• What to do:
A single number is all that's needed: how many lines in the data contain the string "Center".

• Brief descriptive captions:
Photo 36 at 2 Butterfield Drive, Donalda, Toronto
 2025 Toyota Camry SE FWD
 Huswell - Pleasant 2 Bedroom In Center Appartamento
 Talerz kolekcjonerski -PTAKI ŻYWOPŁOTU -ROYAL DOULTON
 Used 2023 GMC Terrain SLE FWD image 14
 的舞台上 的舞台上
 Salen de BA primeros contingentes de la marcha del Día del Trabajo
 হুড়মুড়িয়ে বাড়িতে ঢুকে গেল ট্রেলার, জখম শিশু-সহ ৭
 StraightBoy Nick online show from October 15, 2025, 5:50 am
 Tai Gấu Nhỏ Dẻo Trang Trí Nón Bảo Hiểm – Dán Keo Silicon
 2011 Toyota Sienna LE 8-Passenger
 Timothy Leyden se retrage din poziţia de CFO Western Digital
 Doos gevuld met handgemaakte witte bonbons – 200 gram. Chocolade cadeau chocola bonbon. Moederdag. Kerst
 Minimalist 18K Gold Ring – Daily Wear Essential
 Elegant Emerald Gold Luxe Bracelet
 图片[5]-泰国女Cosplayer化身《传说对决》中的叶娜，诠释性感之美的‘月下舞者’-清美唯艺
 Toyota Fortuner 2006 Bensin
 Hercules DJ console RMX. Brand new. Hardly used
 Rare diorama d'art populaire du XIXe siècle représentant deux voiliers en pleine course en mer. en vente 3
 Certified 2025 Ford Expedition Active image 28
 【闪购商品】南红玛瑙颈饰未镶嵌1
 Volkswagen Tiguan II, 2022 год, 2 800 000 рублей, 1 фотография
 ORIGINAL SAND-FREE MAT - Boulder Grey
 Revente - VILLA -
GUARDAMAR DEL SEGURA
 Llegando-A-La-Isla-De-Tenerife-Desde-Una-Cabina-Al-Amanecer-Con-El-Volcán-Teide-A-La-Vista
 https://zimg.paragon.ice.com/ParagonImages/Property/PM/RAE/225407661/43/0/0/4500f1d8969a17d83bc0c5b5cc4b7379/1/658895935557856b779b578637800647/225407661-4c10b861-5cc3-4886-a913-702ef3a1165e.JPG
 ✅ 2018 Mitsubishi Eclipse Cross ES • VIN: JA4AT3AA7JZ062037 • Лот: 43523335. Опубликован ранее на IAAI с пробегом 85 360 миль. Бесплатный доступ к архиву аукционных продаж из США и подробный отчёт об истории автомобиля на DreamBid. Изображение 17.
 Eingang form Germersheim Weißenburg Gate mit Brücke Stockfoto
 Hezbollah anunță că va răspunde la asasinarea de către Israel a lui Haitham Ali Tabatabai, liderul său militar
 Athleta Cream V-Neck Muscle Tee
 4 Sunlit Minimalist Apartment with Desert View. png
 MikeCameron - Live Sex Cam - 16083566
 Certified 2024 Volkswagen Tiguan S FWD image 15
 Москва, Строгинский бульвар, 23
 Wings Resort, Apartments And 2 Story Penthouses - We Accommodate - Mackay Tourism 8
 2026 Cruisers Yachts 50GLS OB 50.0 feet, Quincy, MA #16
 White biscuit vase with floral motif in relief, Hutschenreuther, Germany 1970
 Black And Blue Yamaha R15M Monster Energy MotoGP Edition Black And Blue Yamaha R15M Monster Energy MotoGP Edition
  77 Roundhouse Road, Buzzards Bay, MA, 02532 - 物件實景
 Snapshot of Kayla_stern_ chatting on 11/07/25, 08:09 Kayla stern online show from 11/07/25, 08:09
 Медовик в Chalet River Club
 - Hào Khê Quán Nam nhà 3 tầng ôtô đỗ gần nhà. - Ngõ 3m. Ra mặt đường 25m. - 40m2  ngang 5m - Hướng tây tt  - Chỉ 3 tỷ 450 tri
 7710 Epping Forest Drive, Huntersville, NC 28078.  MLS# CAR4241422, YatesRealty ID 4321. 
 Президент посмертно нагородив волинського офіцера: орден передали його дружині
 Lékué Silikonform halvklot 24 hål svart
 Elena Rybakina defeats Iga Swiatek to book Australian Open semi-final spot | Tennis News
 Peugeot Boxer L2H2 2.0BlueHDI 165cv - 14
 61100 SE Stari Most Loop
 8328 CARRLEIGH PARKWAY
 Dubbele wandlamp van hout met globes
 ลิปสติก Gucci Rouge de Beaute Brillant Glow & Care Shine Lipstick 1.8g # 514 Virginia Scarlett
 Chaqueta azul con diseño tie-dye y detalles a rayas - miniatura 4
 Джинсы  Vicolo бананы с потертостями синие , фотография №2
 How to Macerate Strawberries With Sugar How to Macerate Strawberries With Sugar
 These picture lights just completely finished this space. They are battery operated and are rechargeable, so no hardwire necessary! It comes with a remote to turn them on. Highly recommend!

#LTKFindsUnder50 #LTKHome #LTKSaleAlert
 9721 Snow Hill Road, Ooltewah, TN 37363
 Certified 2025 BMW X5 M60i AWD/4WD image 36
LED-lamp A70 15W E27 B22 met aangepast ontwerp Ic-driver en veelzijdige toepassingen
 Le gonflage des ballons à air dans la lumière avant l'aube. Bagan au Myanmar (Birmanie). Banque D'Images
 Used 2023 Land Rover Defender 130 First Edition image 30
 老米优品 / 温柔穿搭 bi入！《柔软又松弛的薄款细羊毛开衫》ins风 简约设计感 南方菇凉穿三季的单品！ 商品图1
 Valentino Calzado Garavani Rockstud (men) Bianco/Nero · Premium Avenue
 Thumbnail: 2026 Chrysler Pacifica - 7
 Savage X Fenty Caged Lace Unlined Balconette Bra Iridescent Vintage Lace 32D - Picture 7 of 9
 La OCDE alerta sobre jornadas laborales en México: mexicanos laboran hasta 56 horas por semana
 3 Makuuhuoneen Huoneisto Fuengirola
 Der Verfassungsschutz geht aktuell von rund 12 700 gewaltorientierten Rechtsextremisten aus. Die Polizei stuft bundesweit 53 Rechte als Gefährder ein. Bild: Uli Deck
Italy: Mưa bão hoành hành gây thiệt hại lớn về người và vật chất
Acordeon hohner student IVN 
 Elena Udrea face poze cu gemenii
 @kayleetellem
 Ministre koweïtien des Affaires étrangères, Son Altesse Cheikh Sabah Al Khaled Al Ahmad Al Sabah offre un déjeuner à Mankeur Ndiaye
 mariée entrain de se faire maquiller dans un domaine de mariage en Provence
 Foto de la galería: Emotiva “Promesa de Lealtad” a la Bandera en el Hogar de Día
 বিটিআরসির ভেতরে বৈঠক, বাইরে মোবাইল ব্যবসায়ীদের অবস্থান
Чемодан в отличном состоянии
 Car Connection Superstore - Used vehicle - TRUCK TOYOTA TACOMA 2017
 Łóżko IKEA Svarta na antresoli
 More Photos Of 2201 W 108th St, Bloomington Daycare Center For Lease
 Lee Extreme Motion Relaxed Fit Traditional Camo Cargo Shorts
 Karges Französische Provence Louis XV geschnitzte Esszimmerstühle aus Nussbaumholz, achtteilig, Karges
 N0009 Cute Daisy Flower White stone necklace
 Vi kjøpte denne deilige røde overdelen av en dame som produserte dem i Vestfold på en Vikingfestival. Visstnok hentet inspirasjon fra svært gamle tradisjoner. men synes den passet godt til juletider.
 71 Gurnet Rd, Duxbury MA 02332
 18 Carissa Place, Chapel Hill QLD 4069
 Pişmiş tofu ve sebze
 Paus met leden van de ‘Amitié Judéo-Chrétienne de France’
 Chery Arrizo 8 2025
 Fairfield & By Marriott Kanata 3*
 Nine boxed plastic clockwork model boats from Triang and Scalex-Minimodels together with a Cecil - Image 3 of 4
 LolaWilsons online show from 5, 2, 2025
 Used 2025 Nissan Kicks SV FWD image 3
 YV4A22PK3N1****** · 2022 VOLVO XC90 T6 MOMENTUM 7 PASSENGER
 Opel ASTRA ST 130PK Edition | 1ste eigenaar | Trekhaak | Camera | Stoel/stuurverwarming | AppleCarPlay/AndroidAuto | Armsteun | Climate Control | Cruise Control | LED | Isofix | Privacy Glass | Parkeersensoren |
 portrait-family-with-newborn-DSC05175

• Finished exercise:
2